Bláha J., Skálová T., Kalousková B., Skořepa O., Cmunt D., Grobárová V., Pazicky S., Poláchová E., Abreu C., Stránský J., Kovaľ T., Dušková J., Zhao Y., Harlos K., Hašek J., Dohnálek J., Vaněk O. (2022): Structure of the human NK cell NKR-P1:LLT1 receptor:ligand complex reveals clustering in the immune synapse. Nat Commun 13, 5022. DOI: 10.1038/s41467-022-32577-6

Vaněk O., Kalousková B., Abreu C., Nejadebrahim S., Skořepa O. (2022): Natural killer cell-based strategies for immunotherapy of cancer. Adv Protein Chem Struct Biol 129, 91-133. DOI: 10.1016/bs.apcsb.2022.02.001

Kalousková B., Skořepa O., Cmunt D., Abreu C., Krejčová K., Bláha J., Sieglová I., Král V., Fábry M., Pola R., Pechar M., Vaněk O. (2021): Tumor marker B7-H6 bound to the coiled coil peptide-polymer conjugate enables targeted therapy by activating human natural killer cells.
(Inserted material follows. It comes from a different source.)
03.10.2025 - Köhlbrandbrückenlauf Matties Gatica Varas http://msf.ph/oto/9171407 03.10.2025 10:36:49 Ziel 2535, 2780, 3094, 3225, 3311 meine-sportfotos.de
Biomedicines 9, 1597. DOI: 10.3390/biomedicines9111597

Skořepa O., Pažický S., Kalousková B., Bláha J., Abreu C., Ječmen T., Rosůlek M., Fish A., Sedivy A., Harlos K., Dohnálek J., Skálová T., Vaněk O. (2020): Natural killer cell activation receptor NKp30 oligomerization depends on its N-glycosylation. Cancers 12, 1998. DOI: 10.3390/cancers12071998

Vaněk O., Celadová P., Skořepa O., Bláha J., Kalousková B., Dvorská A., Poláchová E., Pucholtová H., Kavan D., Pompach P., Hofbauerová K., Kopecký V. Jr., Mesci A., Voigt S., Carlyle J. R. (2019): Production of recombinant soluble dimeric C-type lectin-like receptors of rat natural killer cells. Sci Rep 9, 17836. DOI: 10.1038/s41598-019-52114-8

Obsah obrázku klipart, ilustrace, kresba, grafický design Popis byl vytvořen automaticky

Crystal structures of the extracellular domains of human LLT1 and CD69 receptors show the same conserved C-type lectin-like domain fold and non-covalent dimer formed through helix alpha 2.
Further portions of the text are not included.